## INFORMATION GIVEN
- - - -

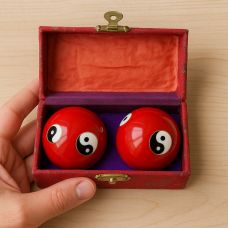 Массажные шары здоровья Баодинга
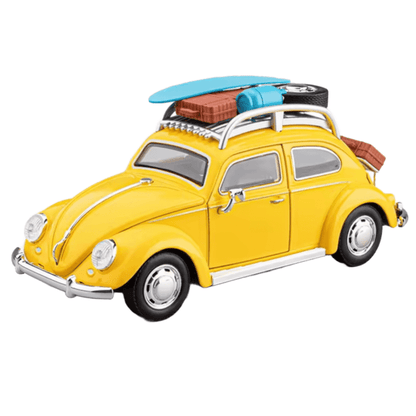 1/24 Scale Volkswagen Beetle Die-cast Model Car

- - - -

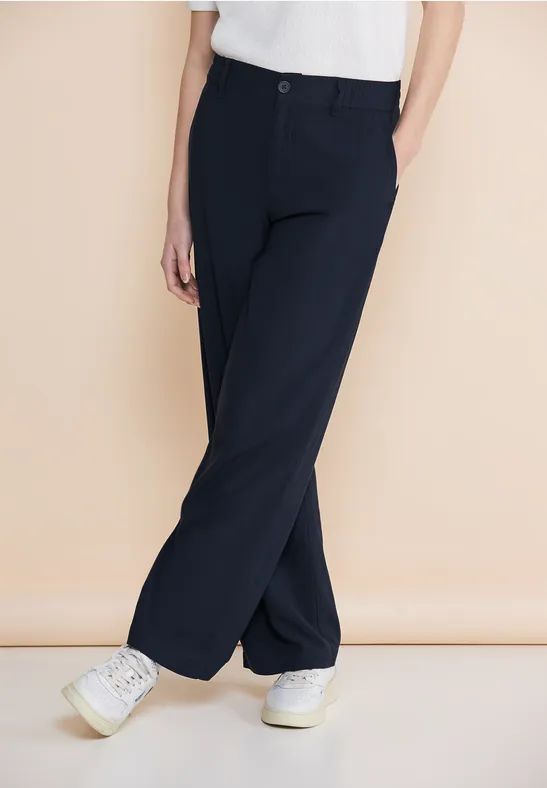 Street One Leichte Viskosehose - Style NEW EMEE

- - - -

## WHAT TO WORK ON
Using the data above, copy exactly the lines from the one containing "Массажные шары здоровья Баодинга" to the one containing "1/24 Scale Volkswagen", inclusive. Exclude the pictures.

## SOLUTION FOR THIS EXERCISE
 Массажные шары здоровья Баодинга
 1/24 Scale Volkswagen Beetle Die-cast Model Car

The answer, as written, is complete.